Outra coisa bem diferente é a conveniência de um padrão. Para a gestão contratual de uma imobiliária, por exemplo, pode ser conveniente usar um mesmo modelo para todos os contratos. Porém, isso não quer dizer que a atividade da imobiliária imponha a necessidade de padronizar. Cada locação tem especificidades que dependem do imóvel, do locador, do inquilino. Nesse contexto, até faz mais sentido personalizar que padronizar.
Dessa forma, ao receberes um contrato “inalterável”, identifica se há real necessidade ou apenas conveniência de padronização. Se te enviarem uma primeira minuta contratual já em formato não editável (por exemplo, PDF), dizendo que não serão aceitas alterações “porque o contrato é padrão” ou “porque é gerado pelo sistema”, desconfia e questiona. É assim porque precisa ser, ou porque não estão dispostos a negociar? Pede uma minuta editável.

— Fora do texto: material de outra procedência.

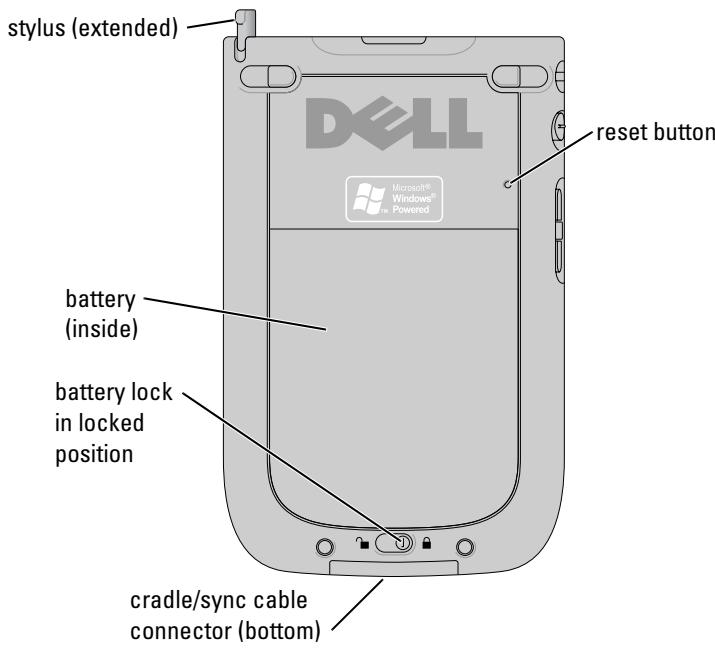 DELL AXIM X51 - Back View - 1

Se notares resistência, pensa se queres mesmo estabelecer uma relação contratual com um contratante inflexível, que te trata como número e não como parceiro. Talvez consigas encontrar alguém mais disposto a negociar e preparar um contrato que atenda tanto aos interesses dele quanto aos teus. Não há arrogância em querer ser tratado como VIP. Todos merecemos isso.
4)
Contratos são documentos importantes no mundo jurídico, porque criam direitos e obrigações. Os advogados que os elaboram empregam certos termos técnicos do Direito. Tudo certo e normal.
Porém, um contrato que só alguém com formação jurídica consegue entender tem algo de errado e anormal. Lembrando a primeira regra de ouro de Deirdre McCloskey, se um texto não está claro, a culpa é de quem o escreveu, nunca do leitor. Portanto, busca esclarecer o que está difícil de entender, corrigir erros e ambiguidades, equilibrar direitos e obrigações.
5)
Ao pedir auxílio jurídico quanto a um contrato, identifica o que é jurídico e o que é negocial. Teu advogado pode indicar o limite máximo de uma multa contratual, com base na lei e nas decisões judiciais, e talvez queira até opinar – mas não necessariamente queira sugerir ou decidir se haverá uma multa contratual no teu contrato e de quanto será. Ele poderá te ajudar a identificar os riscos da contratação – mas não necessariamente queira opinar ou te influenciar quanto a assumir ou não esses riscos. Enfim: teu advogado pode ajudar com questões jurídicas em um contrato, mas em regra as decisões negociais cabem a ti, como dono do negócio.